Friday, March 28, 2014
"The pod is lit neither by window nor by lamp, yet filled with a soft radiance..."
Life is full of philosophical arguments that challenge those conversing. It's these thoughts that keep conversations moving along and engaging and they also make for pretty fantastic sci-fi stories. Alterna Comics has one such story in The Machine Stops #1, written by Michael Lent and illustrated by Marc Rene.
There's a world where humans have lost the ability to live on the surface of the Earth. As such, they live in vast colonies of individual pods underground, where all life functions and interactions with others are handled by the Machine. One character named Kuno seems to think there's more to life than pod living and sets out to sate his curiosity. What he doesn't know is that there may be grander forces at play that may destroy the entirety of humanity and there's nothing the Machine can do to prevent it.
The work is based on E.M. Forster's short story of the same name and it manages to tackle some pretty heady material. The core of the story is free will vs. determinism, as the humans remaining in the pods are living a life that is force fed to them. That life is done so under the guise of information, as the pod dwellers are given access to any information they desire, as long as it's through the machine and not in person. Lent does a great job conveying this with some fairly concise dialogue that has a very rigid staccato to it. It helps in making the book feel somewhat robotic and artificial, which fits in line with what the story is going for.
Rene's art is equally as haunting as the story itself. There's an abundance of black shading throughout the book, primarily because the entire issue is black and white, but also because it contributes to the tone of depression. An atmosphere of intellect and thought are presented thanks to his impressive illustrations, as characters exhibit intense emotional facial expressions. Some of the panels where the characters emerge into the light are depicted very powerfully, fully bathing the reader in the same realizations that the characters are coming to themselves. There are some interesting panel layouts as well, with a couple of pages that emphasize a spiral layout fanning outward and carrying conversations effectively.
Good, old-fashioned sci-fi is somewhat a thing of the past, but The Machine Stops #1 waxes nostalgic for those stories. Sure, it's an adaptation of another story, but the adaptation is handled very well and really provokes thought in the reader.

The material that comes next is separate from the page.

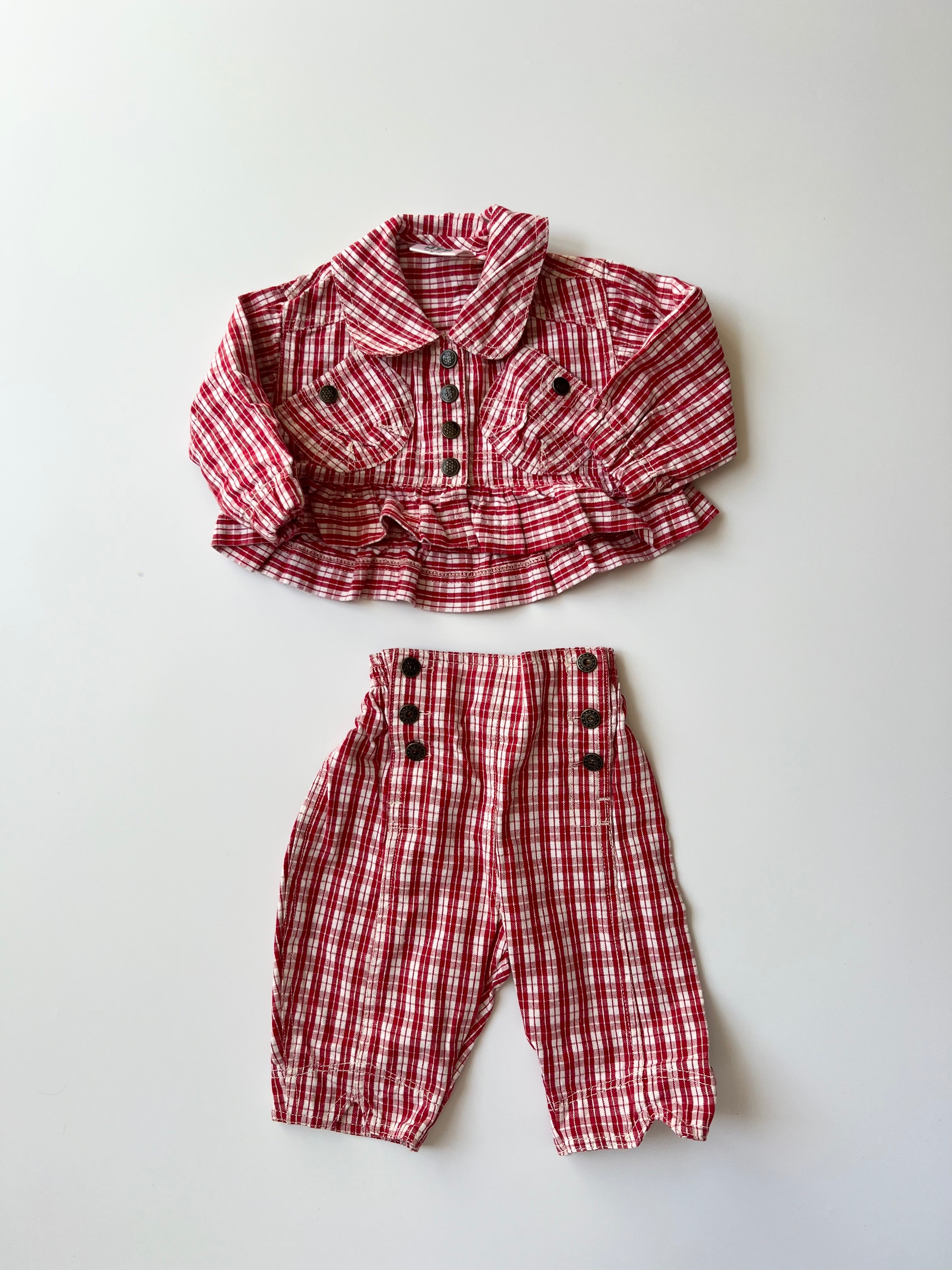 Vintage JFB Baby Gingham 2 Piece Set 6-12 Months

Lent's handling of the story is done very deftly, offering a steady pace and dialogue that really provokes thought in the characters. Rene's illustrations are equally up to the task of matching the story, as he relies on an almost excess of shadow to depict the darkness that comes with lack of insight. The Machine Stops #1 is an interesting book that promises to offer the reader something that challenges their traditional way of thinking.
The Machine Stops #1 is available now.